While staring and sighing and thanking God that He had the foresight to create something so spectacular, I had a memory of another time. I remembered how my sisters and I used to guard our backyard from fun-seeking friends. “Don’t step on the snow!” we’d order. We weren’t very old; I was probably eleven and my younger sisters eight and four. Our friends would look at us oddly. Snow is for trampling, I could all but hear their thoughts. What’s wrong with the three of you? When they’d persist, describing the snow angels we could make out there, or the snowmen we could build, the three of us would growl and snap. “No one takes one step in the backyard!” I don’t remember ever meeting for planning discussions or analyzing why this was so important to us. We just knew. We knew on a unified level. At least in that one area of the world—an area we could control with fenced-in protection—the snow must remain untouched, pristine, pure.
I never understood the origin of all that fervor until it dawned on me recently that this was our way of controlling at least one small something in our world. This was our way of staking a square bit of peace—where no chaos reigned, where no bumps showed, where nothing got trampled or messed or ruined.
Our lives back then were in constant flux. We never knew where we’d live next week, or how much food we’d find in the cupboards, or who might next trade their last name for the rights to our mother’s bedroom, or what craziness might next tip our world. Nothing made sense, nothing was predictable. But when the snows came, and created a landscape of pure, unsullied beauty—ours for the taking—we guarded it with a fierceness you don’t often find in the young.

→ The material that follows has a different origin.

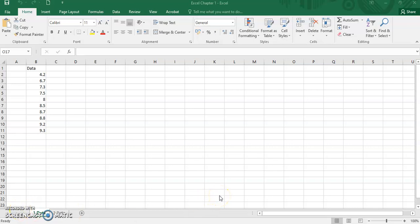Assalamualaikum and good day to all. I am Dr. Siti Rosinda Yaziz. We will share with you session 1.3.4 Descriptive Statistics using Microsoft Excel.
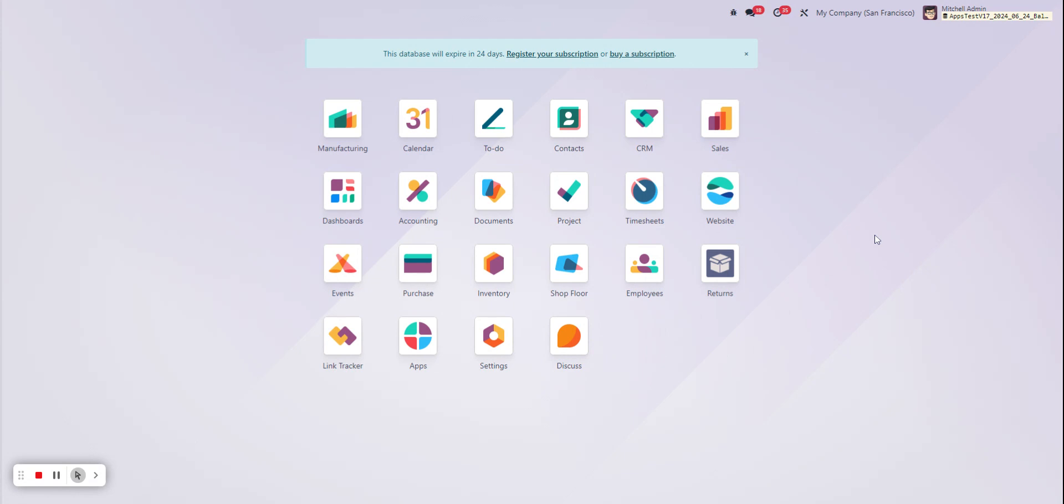And just like that you've been able to rearrange the apps and the order in which they're shown on your home screen.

I’m all grown up now, and I’ve learned that it’s only possible to keep your backyard untouched if you permit no people in your life. As the scriptures say, “Where no oxen are, the trough is clean.”
My trough is a mess. In keeping with my metaphor, you might say that my backyard is a mess. The door to our backyard is open, you see—wide open. I’m a pastor’s wife and a mother. And I belong to Jesus. My life is not my own; I’ve been bought with a price. So there’s no sense trying to keep the gate shut. I can’t guard it twenty-four hours a day; I don’t even have that right. People burst in. They sneak in. They crawl in. They claim favored parcels and far corners and unpack their baggage, and like it or not, the snow gets trampled. Once settled, the gloves go on and the snowballs start flying. Sometimes they’re aimed at fellow yard-dwellers; sometimes they’re aimed at me.
My backyard now is littered with footsteps, the bedraggled trails of those who have come seeking refuge and acceptance. Here and there, spots of purity still wait, untouched and undisturbed. All the rest is crisscrossed with the evidence of life and activity and chaos.
But oh, the angels we have made together.